Extracting a paragraph using Text mining

text_mining

#1

Hi all,

I am a novice in text mining. I want to learn / know how to extract a paragraph from a very large document based on certain key words. Can some one help.

Thank you


#2

@karthe1

You mean to say that you have a document and you want to extract paragraphs which have a given set of key words?

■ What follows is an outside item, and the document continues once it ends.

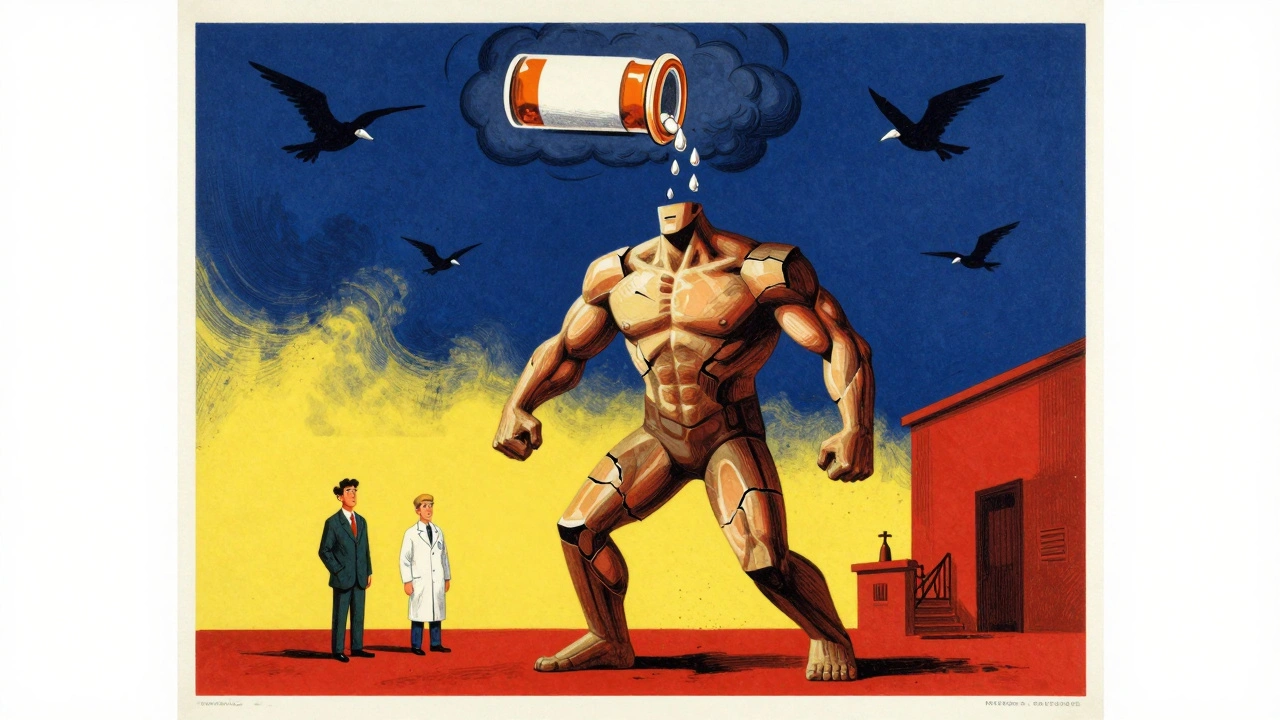 A rigid human figure under a storm of medication, symbolizing NMS risk in expressive cartoon illustration.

What form is the document in? And is it group of keywords or things like order of keywords matter? If it is just set of keywords, then you can convert the document into frequency tables for each paragraph and then use it.

Regards
Kunal


#3

Hi @kunal sir,

The document is in text format. the key word is just a single word. Lets call the string as “Analytics”. I want to extract the text of all the paragraphs which has reference to the this string. I am using R.
I am trying with simple para annotator as of now. Not sure if this is correct.
Thank you.


#4

The following code is working. Use the read.csv with as.is=T and replace the ‘novice’ in str_extract_al with the respective keyword.

install.packages(‘stringr’)
library(‘stringr’)
write.csv('Hi all,

I am a novice in text mining. I want to learn / know how to extract a paragraph from a very large document based on certain key words. Can some one help.

Thank you’,‘text.txt’,row.names=F)
a<- read.csv(‘text.txt’,as.is=T)
str_extract_all(as.character(a),"\n\n.novice.\n\n")

Let me know if there is any problem. Also, this extracts the entire paragraphs with the given keyword but I don’t think it should work for the first and the last paragraph. You can write similar methods using str_extract_all.


#5

How to cluster or classify the resumes based on areas of expertise,experience etc? and also how to retrieve date of birth or age and years of experience automatically from thousands of resumes?


#6

Hi I am also facing same problem. Now if you know then can you please help me in it?
Thank you